I make my husband a little crazy by reading in bed for a few minutes each night before turning off my bedside light. Lately I've been reading Amazing Grace by Kathleen Norris and savoring her essays on the difficult words in the vocabulary of faith. Last night I read her thoughts on one of the most difficult faith words for me--apocalypse. Like me Norris says she has a hard time with those whose approach to evangelism is to beat people verbally over the head with accusations of sinfulness and threats of hell-fire and damnation. I like Norris' reminder that the apocalyptic writings in the Bible were written to those who were marginalized by the larger culture in which they lived and who had little or no stake in the status quo.

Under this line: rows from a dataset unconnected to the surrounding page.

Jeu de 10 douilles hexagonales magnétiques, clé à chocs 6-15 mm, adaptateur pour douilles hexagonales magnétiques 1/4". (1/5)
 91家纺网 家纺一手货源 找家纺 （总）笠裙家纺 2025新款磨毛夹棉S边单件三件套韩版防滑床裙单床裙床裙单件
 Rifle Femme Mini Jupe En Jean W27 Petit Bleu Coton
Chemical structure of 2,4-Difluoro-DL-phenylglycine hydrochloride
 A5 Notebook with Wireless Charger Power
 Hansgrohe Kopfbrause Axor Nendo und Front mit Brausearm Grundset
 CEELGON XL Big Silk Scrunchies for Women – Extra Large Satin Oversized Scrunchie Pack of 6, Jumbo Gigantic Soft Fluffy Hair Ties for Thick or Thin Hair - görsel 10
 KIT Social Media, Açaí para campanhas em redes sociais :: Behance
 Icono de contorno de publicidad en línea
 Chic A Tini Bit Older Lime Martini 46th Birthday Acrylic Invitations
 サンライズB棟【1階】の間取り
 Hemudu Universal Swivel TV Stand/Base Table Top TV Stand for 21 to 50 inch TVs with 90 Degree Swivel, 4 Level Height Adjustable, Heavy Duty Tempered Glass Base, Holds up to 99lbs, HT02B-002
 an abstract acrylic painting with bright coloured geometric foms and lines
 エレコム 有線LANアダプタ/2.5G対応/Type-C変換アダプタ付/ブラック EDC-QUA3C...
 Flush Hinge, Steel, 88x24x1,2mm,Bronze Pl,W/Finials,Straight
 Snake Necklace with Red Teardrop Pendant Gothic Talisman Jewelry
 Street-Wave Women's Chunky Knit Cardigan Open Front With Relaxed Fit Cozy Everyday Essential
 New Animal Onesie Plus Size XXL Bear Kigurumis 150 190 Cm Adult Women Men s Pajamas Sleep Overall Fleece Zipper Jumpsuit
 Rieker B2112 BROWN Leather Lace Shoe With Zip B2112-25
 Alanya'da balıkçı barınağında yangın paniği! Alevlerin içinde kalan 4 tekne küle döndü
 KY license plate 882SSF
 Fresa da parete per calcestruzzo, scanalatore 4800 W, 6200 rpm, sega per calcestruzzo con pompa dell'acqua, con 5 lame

I especially like her argument that apocalyptic literature is about hope, the hope that "despite considerable evidence to the contrary, in the end it is good that will prevail." Thus the God who is promised at the end of the apocalyptic book of Revelation is one who will come to wipe all our tears away. What a beautiful and hopeful image!

As I struggle to write about another trip to Cuba with a group from our church in a way that will reach the hearts and minds of those who have not had the opportunity to visit with the Christians in that country, I find myself returning again and again to the hope and joy I experienced in the churches and in the lives of the individuals we met there. As Kathleen Norris so wisely writes, we humans seem to show our real strength best when we are faced with disaster--when our perpetual delusion of self-sufficiency is shattered, at least momentarily. That is when we can begin to see "what is possible in the new life we build from the ashes of the old." The Cuban Christians have learned to live faithfully in a society that has experienced radical changes in my lifetime and in a place where everyday life is difficult. And yet these faithful Christians joyfully demonstrate the kind of hope Norris writes about. Like the writers in the Bible who proclaimed hope in the midst of calamity, the Cuban Christians live out God's possibilities in the midst of incredibly difficult circumstances. I pray I will find the words to convey the hope that they have and the reason for that hope to those here who are in need of such promise, which on any given day is most of us.